Combinatorial Models of Synteny Conservation in Genomes

Award Month: 
April - May, 2010

Genomic rearrangements are large-scale evolutionary events that disrupt gene order along chromosomes. The computational analysis of gene orders, their structure and their evolution relies on combinatorial models and algorithms designed in terms of sequences of signed. This project is centered on detection of con served gene clusters, the assignment of evolutionary relations in the presence of multigenes families and the computation of evolution hypothesis.

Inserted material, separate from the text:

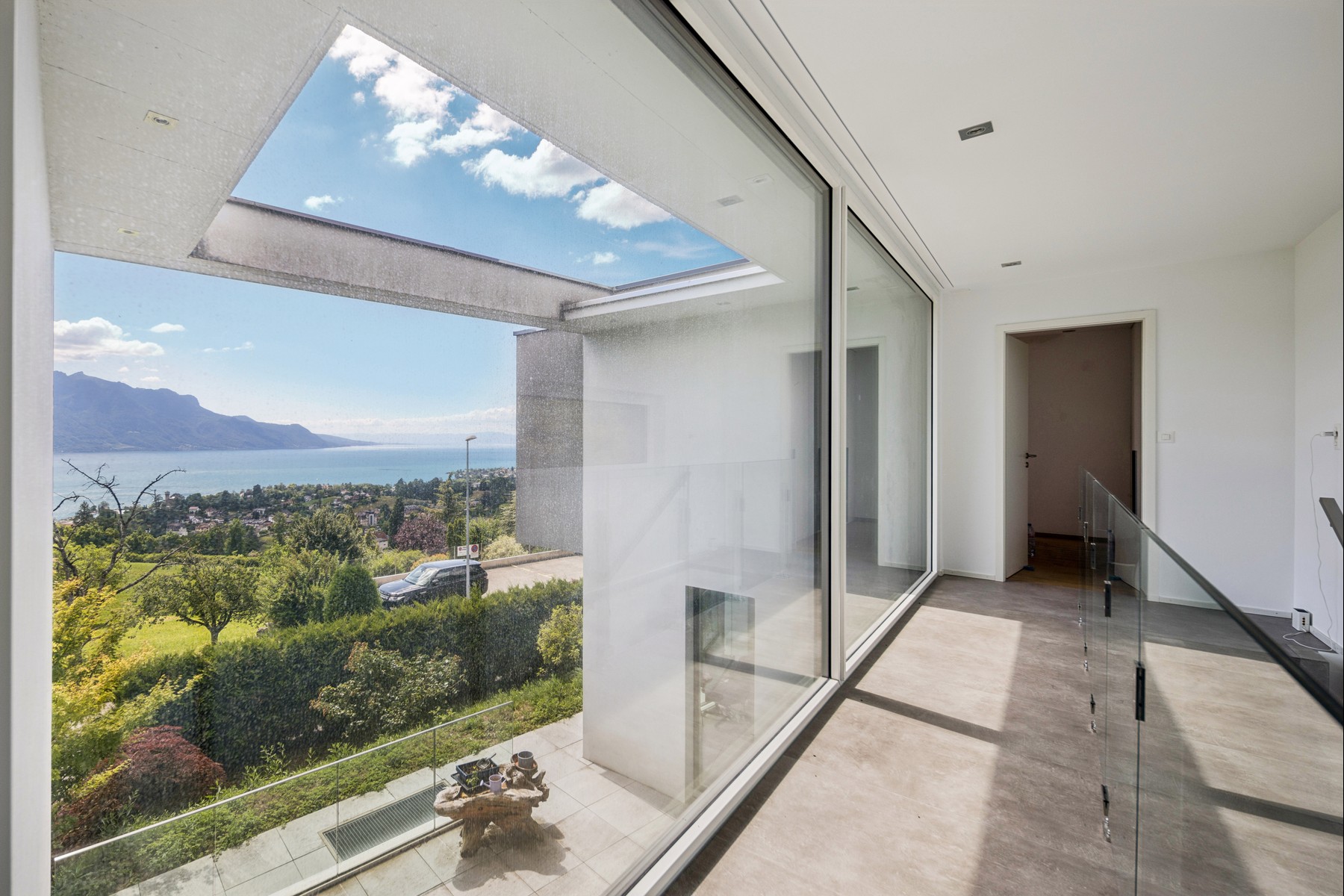  Panoramic view from this contemporary villa - 物件實景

Detecting some clusters is a difficult problem with applications in very applied domains, like pathogenomics. This part of the project aims at designing methods to (1) detect highly rearranged clusters, (2) discriminate between conserved clusters due to evolutive pressure and conserved clusters due to phylogenetic proximity and (3) be computationally efficient in order to process large datasets. Our goal is to develop a gene matching strategy that is not based on an evolutionary model but on the conservation of local synteny and also consider sequence alignments results used to define gene families and a statistical model of synteny conservation significance. The third main part of the project deals with the analysis of gene order datasets produced using the methods developed in the two previous sub-projects for phylogenomic analysis, including computing gene order phylogenies, ancestral gene orders and statistics on genome rearrangements. Attention is also given to the problem of generating “gene order” datasets for eukaryotic genomes, where genes only do not cover enough genome to be reliable markers. We investigate two classical approaches, whole genome alignments and comparative mapping technique, and a new method, based on virtual hybridation. Our approach for most of the above problems relies on sound and well understand combinatorial models for the analysis of signed permutations and sequences, like, but not limited to, common intervals and max-gap clusters. An important focus is on designing and implementing efficient algorithms based on these models.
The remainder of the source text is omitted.